Your take on hunting in a modern day society, considering all forms of hunting. - Practicality. You hunting an animal that is already profligate to survive and resource-gather? For yourself? Sure. You hunting a dangerous creature that needs to be put down for a larger good than its own existence? Sure. You hunting for a trophy? Go eat yourself. You going to kill a fox because you feel like it? Choke on yourself. I'm not against the concept of hunting, but like in every arena, wastefulness and pointlessness for ego stroking and other bullshit irks me. And hunting shit that simply won't recover? Putting animal civilisations to the sword, knowing that they are going extinct? Worst kind of fucking scum.
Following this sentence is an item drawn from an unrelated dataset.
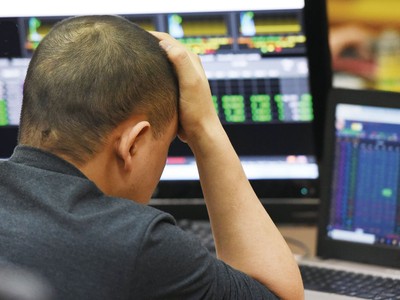 Sức “chịu tải” thấp, công ty chứng khoán nhỏ lao dốc vì Covid-19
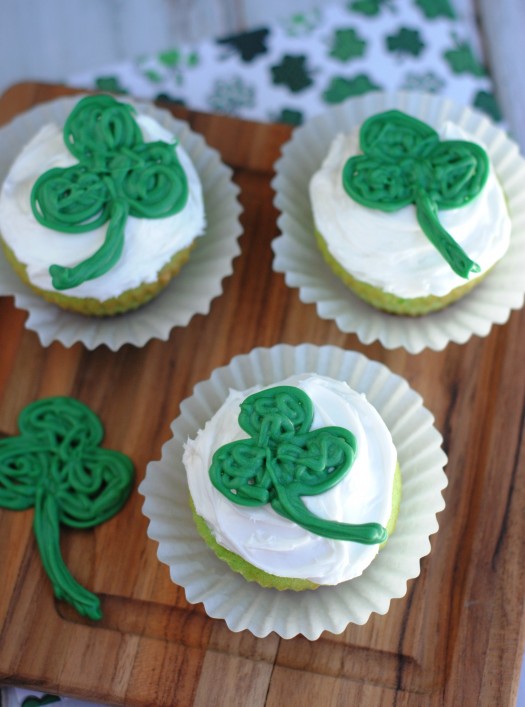 Fun St. Patrick's Day Cupcakes Fun St. Patrick's Day Cupcakes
In light of what happened to me last year, and what [redacted] has been going through last 2 days, crowd funding at it's best. - While I am desperately sad that the world is in a state wherein to support ourselves and achieve things we need to rely on the kindness of others, my heart swells to see that those others step up to the plate. None of us have much, but when we have enough, we share what we have. We want to see people - people like us, who are struggling - do better. We want people to be okay. And if we could actually make society work that way, rather than just us; well, we'd be in a better situation.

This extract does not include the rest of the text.